Has everyone made and broken their New Year resolutions then?

I never do owt so rash as promise to change at New Year. I can think of nothing worse than removing clothing, doing without comfort food or taking up a new hobby in the darkest depths of winter when cash flow has slowed to a trickle.  I wait until early summer to come up with madcap ideas but be assured, I break my resolutions just as quickly as any made in January.

I wonder though if all this me-focus for making resolutions is a bit skewed. Maybe we'd have a greater chance of success if we resolved to help make a difference for others. It doesn't have to be a big gesture - looking out for an elderly neighbour, helping to tidy up a forlorn bit of community space, picking up litter whenever we see it - after all, every little helps.

Working as I do for a charity that supports vulnerable children and families, I spend a lot of my time thinking about the lot of some children in our communities.

Over the festive period, our charity, CHILDREN 1ST, ran a campaign to highlight the impact of violence in the home on children and young people in Scotland. In addressing or highlighting the issue of domestic violence, often we tend not to think about the effects on children who live with the fear of abuse and violence. 

Yet, there are literally tens of thousands who day in, day out, are afraid to go home, not knowing what might greet them.  And most of us dismiss an instinct or suspicion that something is not quite right behind closed doors, preferring to get on with our own lives.

Domestic violence is one of the reasons why so many children become homeless in Scotland.  Shelter Scotland also used the festive period to highlight the numbers of children who would be spending Christmas in temporary accommodation, without a home to call their own, or any of the comforts - a bed, a toybox, a garden - that make up a home. Homeless children suffer in terms of their physical, emotional and mental well-being. They tend to do less well at school and that impacts on their longer-term life chances.

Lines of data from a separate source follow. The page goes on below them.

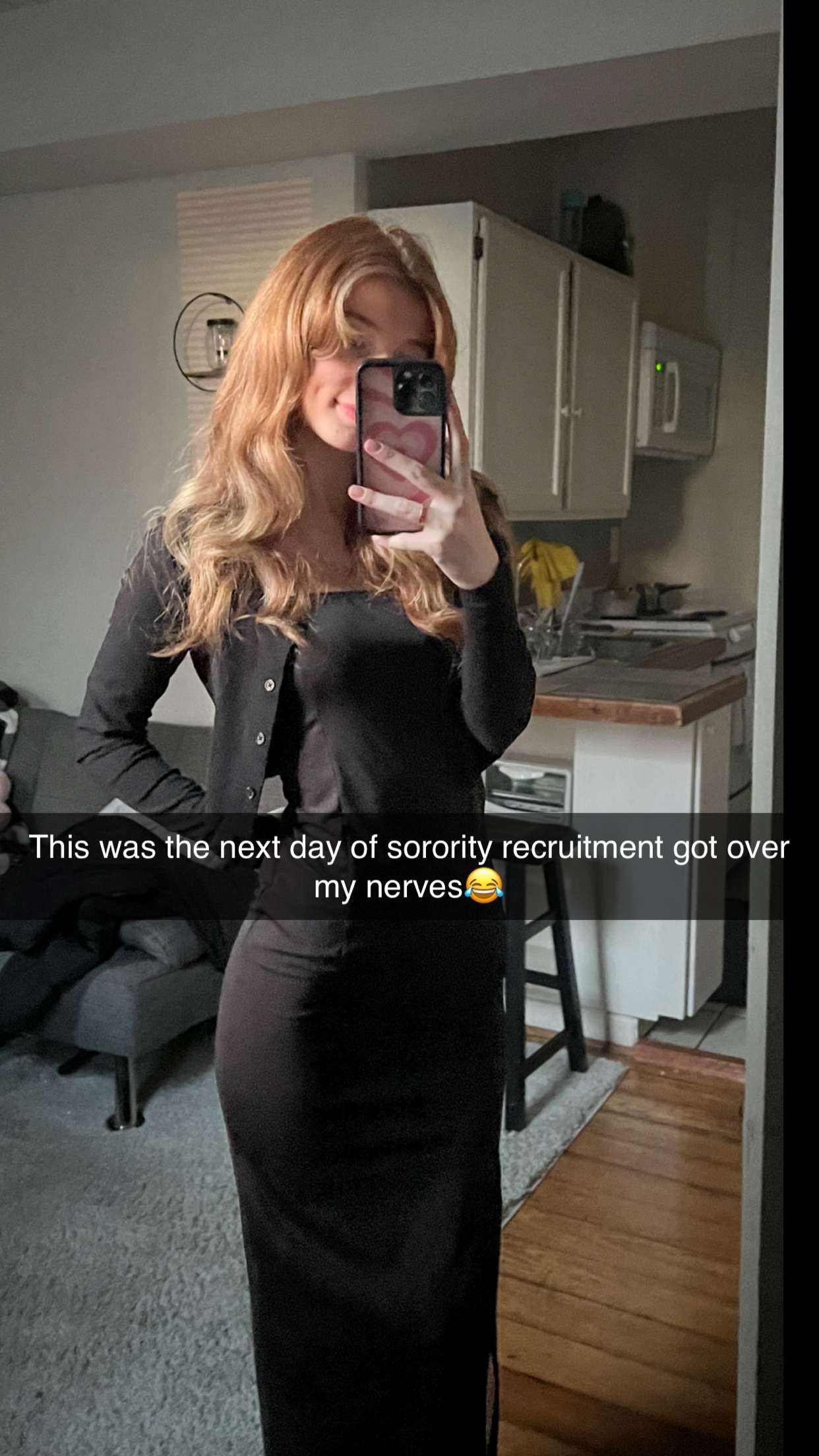 carmmieecat snapchat image archive image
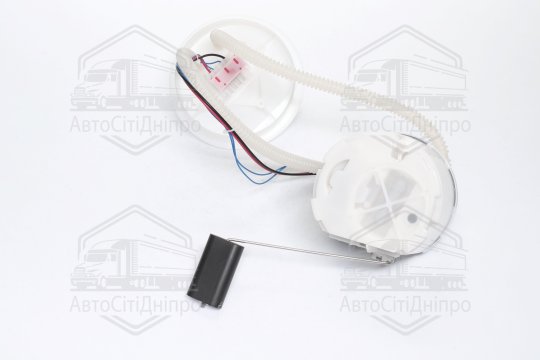 Елемент системи живлення, подача палива FORD MONDEO (вир-во ERA)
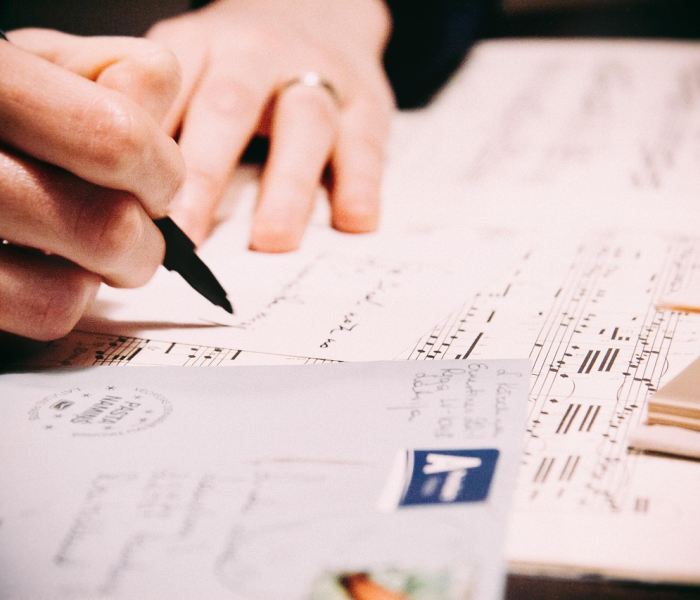 【成人高考几天/2025年成人考试时间表】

It says a lot about a society that thinks, or rather doesn't think or expend energy and resources, on protecting its most vulnerable citizens.  Increasingly, we take our lead from politicians and media who justify why some folk are worse off than others.  The idea of the deserving and undeserving poor is alive and well:  its arguments can be heard in conversations on the bus, in the pub and round the dinner table.

But what is it exactly that children have done to deserve a poor start in life?  It's hardly their fault that the adults in their lives have problems and issues. Indeed, such a narrative presumes that domestic violence and homelessness only ever happen to certain types of family, when the reality is that anyone can pick the wrong partner and anyone can lose a job and a decent income, particularly in the current climate.

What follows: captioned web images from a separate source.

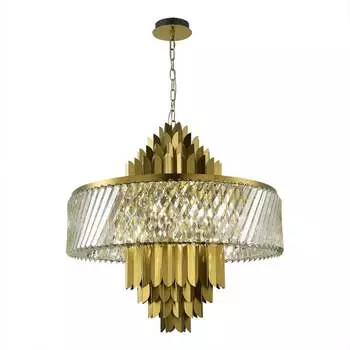 Подвесная люстра ST luce SL1635.303.13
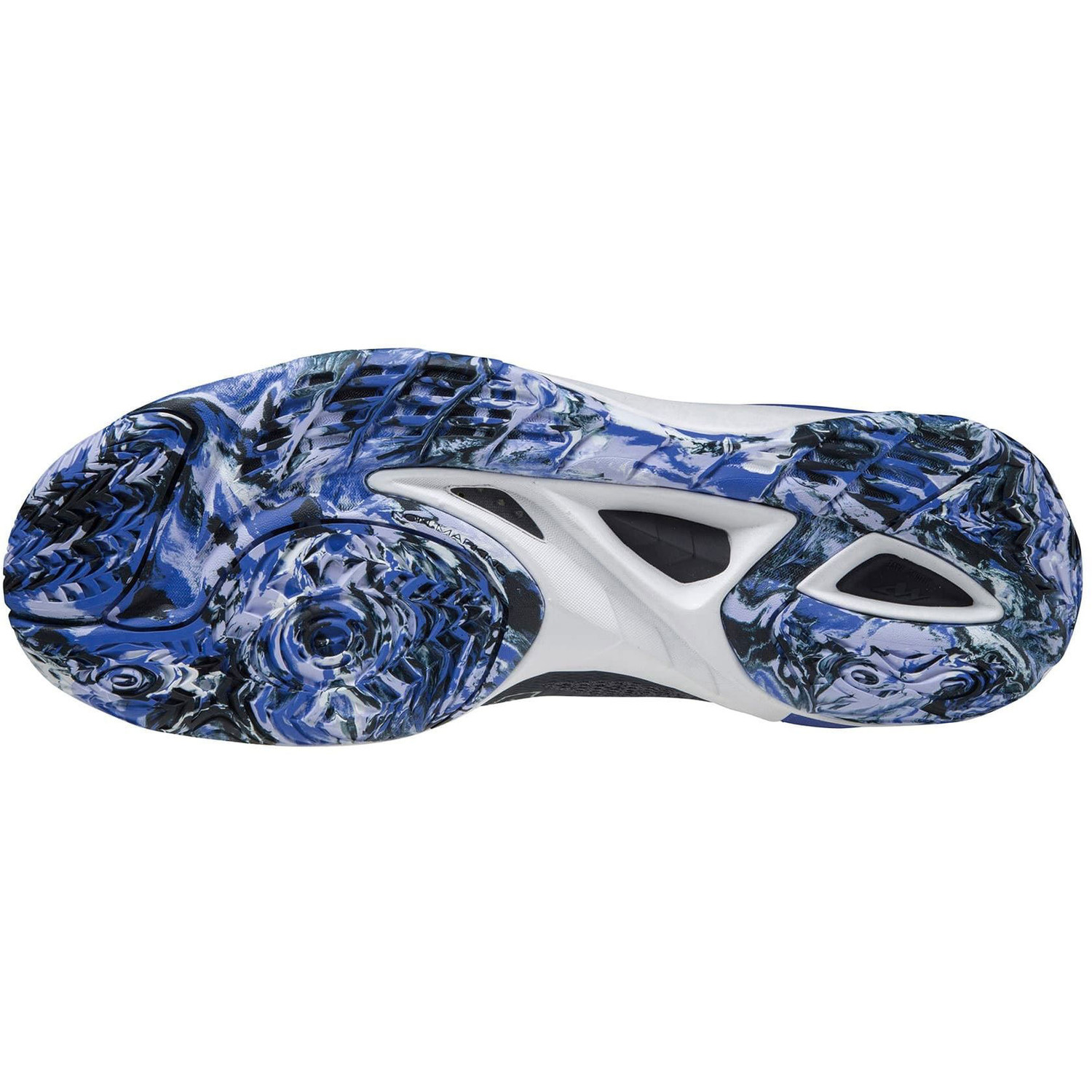 Mizuno Wave Mirage 4 Handballshop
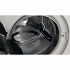 Πλυντήριο Ρούχων Whirlpool FFB 9479 BV EE 9 kg A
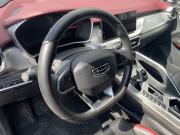 Geely Coolray I Москва  - изображение 39
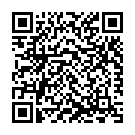 Mere Dil Kabhi To Koi Aayega Song - QR Code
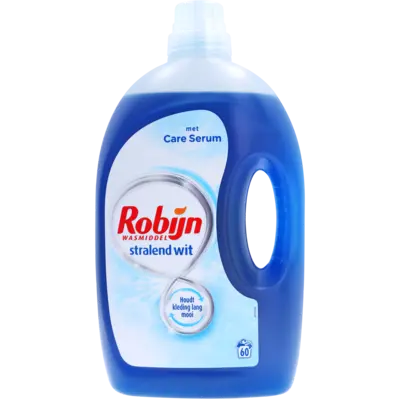 pdp-image-Robijn Vlb Wasm Wit 3L 60SC 3x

It is simply unacceptable that there are tens of thousands of children in Scotland whose childhoods are blighted by society's failure to tackle big issues. Having a home is not a privilege, it's a right. Feeling safe and secure is a basic human requirement, not a luxury only available to some. By not acknowledging this, by continuing to turn a blind eye, by expecting someone else to do something, to keep our heads down and get on with getting on, by not taking a stand and saying not good enough, we are all complicit in consigning some children to the worst possible start in life. 

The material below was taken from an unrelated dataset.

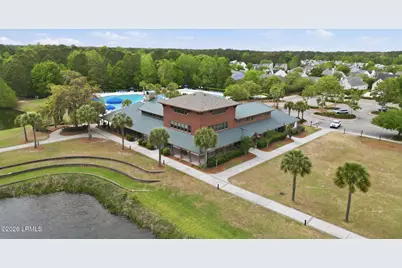 469 Rye Creek Circle, Bluffton, SC 29909 - Photo 59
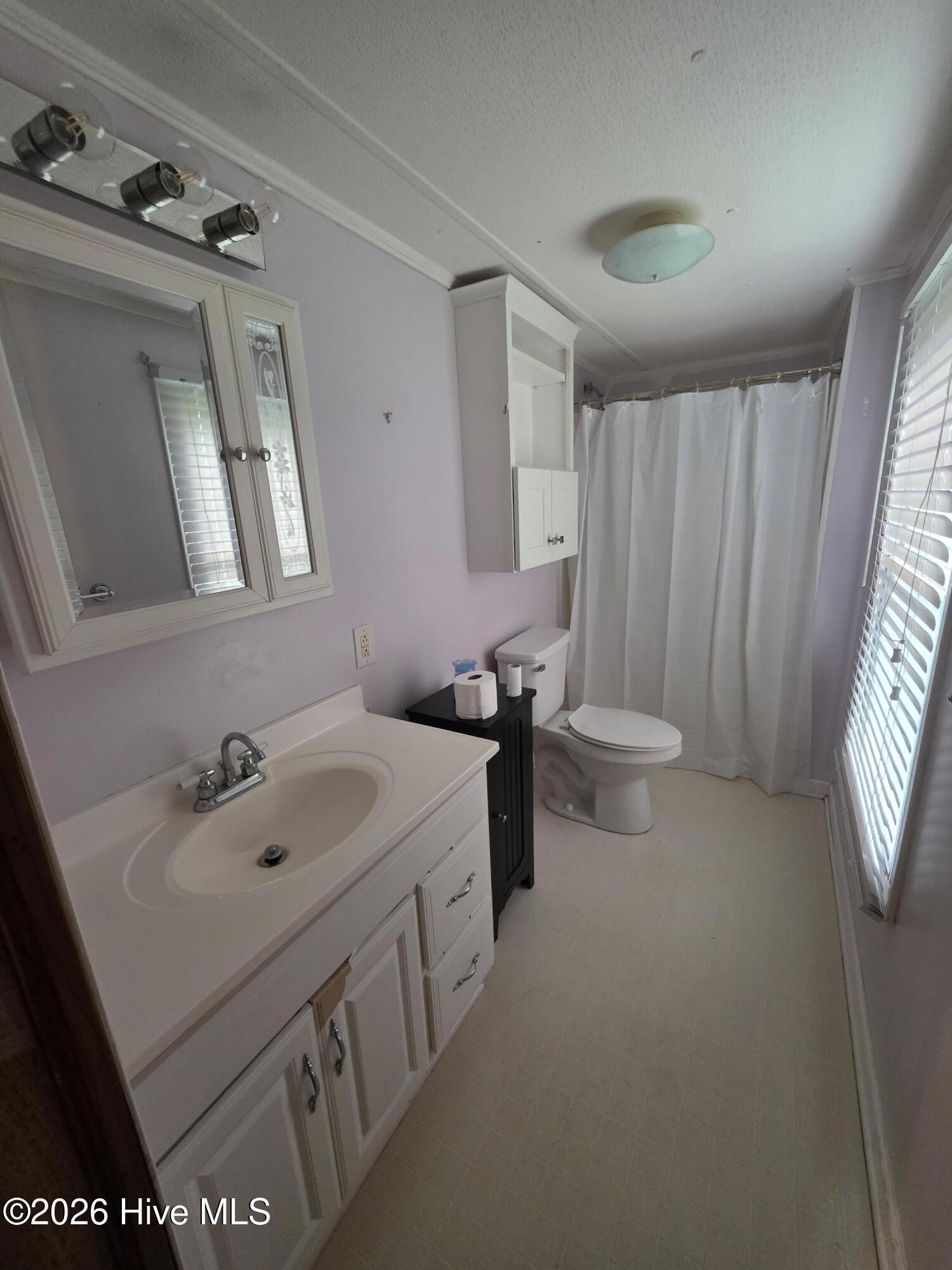 6413 Faircloth Bridge Road Property Photo 9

Maybe this year would be a good time to make a different kind of resolution: to do all that we can to ensure that all children don't lose out on their childhoods. To demand of our politicians a different approach, that puts children and their needs and interests first. To encourage our circle of family and friends to do more to protect vulnerable children. To contribute our own talents, time and yes, money to those charities and groups that work hard to ensure that children get a better start in life. 

Maybe if we all resolved to ensure no child is left behind, we can look forward to the day when all children in Scotland have the same chances of success in later life.  After all, we never know when we might need them to look out for us.